When you "took out the fan" did you remove screws or remove the heatsink with it? If you removed the heatsink did you get it properly attached to the Mobo?


----------



## HD_Monkey (Apr 16, 2008)

sassenach said:


> i took out the fan again, placed it back. still nothing.


Are you referring to the cpu fan and heatsink? If you removed it, did you clean it and the chip and reapply thermal paste before reinstalling? Sounds like your chip is overheating causing the shut down.


----------



## sassenach (Nov 25, 2007)

yes i took out the cpu fan, i cleaned it, then placed it back without reapplying thermal paste. do you think i need to reapply that?


----------



## AlienMenace (Apr 10, 2008)

When you take the heat sink off the cpu, always re- paste it.


----------



## Tumbleweed36 (May 14, 2005)

Don't try to run it without cleaning it off and reapplying Artic Silver or you could burn something up on your rig. Do it now and don't wait.


----------



## sassenach (Nov 25, 2007)

ok so i bought thermal paste, i reapplied.
i also bought a new PS.

after all that, i do reach the windows loading screen, but then it shuts off.

any ideas???????????????????


----------



## Tumbleweed36 (May 14, 2005)

What are your specs? Be sure to include the video card and the power supply brand name and watts.

Then try this rig with only one stick of ram and see what happens with it.

BTW, have you checked your manual to see what error one long beep indicates?


----------



## speedster123 (Oct 18, 2006)

Post your specs and the brand and wattage of the supply you installed.


----------



## sassenach (Nov 25, 2007)

so i solved the problem thanks to all of you.

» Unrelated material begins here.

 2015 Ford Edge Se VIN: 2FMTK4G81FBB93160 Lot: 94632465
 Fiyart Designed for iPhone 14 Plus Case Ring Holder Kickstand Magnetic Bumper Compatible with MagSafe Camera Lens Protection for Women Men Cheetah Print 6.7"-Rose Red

1. the PS was not strong enough, so I bought a good one (550w), not a generic brand.
2. i reapplied thermal paste.
3. changed the cpu fan.

that did the job.

windows is now working and the computer is nice and quiet.

thanks for your help


----------



## Tumbleweed36 (May 14, 2005)

That is great news. Hope you have a nice weekend.


----------



## speedster123 (Oct 18, 2006)

Good Luck to you. Visit us again.


----------